Que la ley juzgue con igual severidad al hijo de un labriego o al yerno de un rey es una exigencia democrática. Del mismo modo, que existan tribunales capaces de frenar las decisiones del poder ejecutivo o legislativo resulta deseable para quienes defendemos la limitación de cualquier autoridad. Es incoherente celebrar cuando los jueces ponen coto a la acción de Gobiernos como los de Trump o Meloni y, en cambio, escandalizarse cuando en España la política también se encuentra condicionada por el marco legal. Ninguna cámara, sea el Parlamento de Cataluña o el Congreso de los Diputados, debería adoptar resoluciones que vulneren la frontera que marca nuestro ordenamiento.
Que algo se ajuste a derecho no lo convierte en deseable
Quienes critican la judicialización de la política, de forma consciente o no, proponen abrir espacios de impunidad o excepcionalidad frente al imperio de la ley.
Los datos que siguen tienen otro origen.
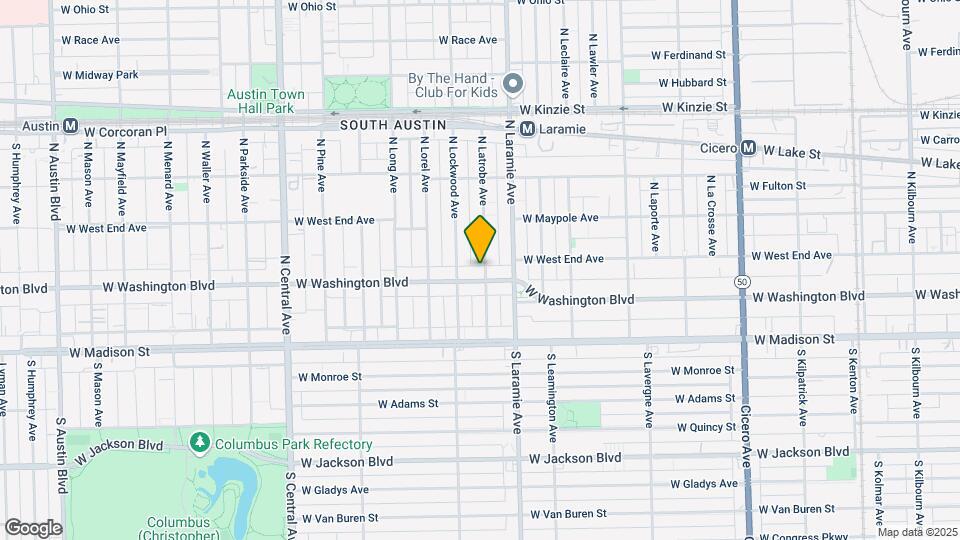 5234 W Washington Blvd Mapa y Detalles de la Ubicación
Una tentación, por cierto, habitual en cualquier tirano. Sin embargo, reducir nuestras aspiraciones políticas a la mera legalidad supondría destruir las grandes preguntas que deberían orientar la conversación pública. Que algo se ajuste a derecho no lo convierte en deseable, y que una medida encaje en el marco normativo tampoco la hace idónea. Todos podemos imaginar conductas reprobables o inmorales que, sin embargo, son legales.
Tanto el Gobierno como la oposición se han apresurado a valorar las conductas de las personas próximas al presidente desde una perspectiva estrictamente legalista, defendiendo inocencias o culpabilidades que solo un tribunal puede dirimir. Con todo, en muchos casos lo relevante no es si algo es lícito, legal o permisible, sino si es ejemplar o razonable. De lo contrario, siempre podremos reducir la exigencia política hasta el límite invocado por Ana Redondo, quien cuestionó su reprobación en el Congreso alegando que, al menos, no había muerto ninguna mujer por su culpa. Difícil no añorar aquellos días en que los utopistas imaginaron mundos ideales.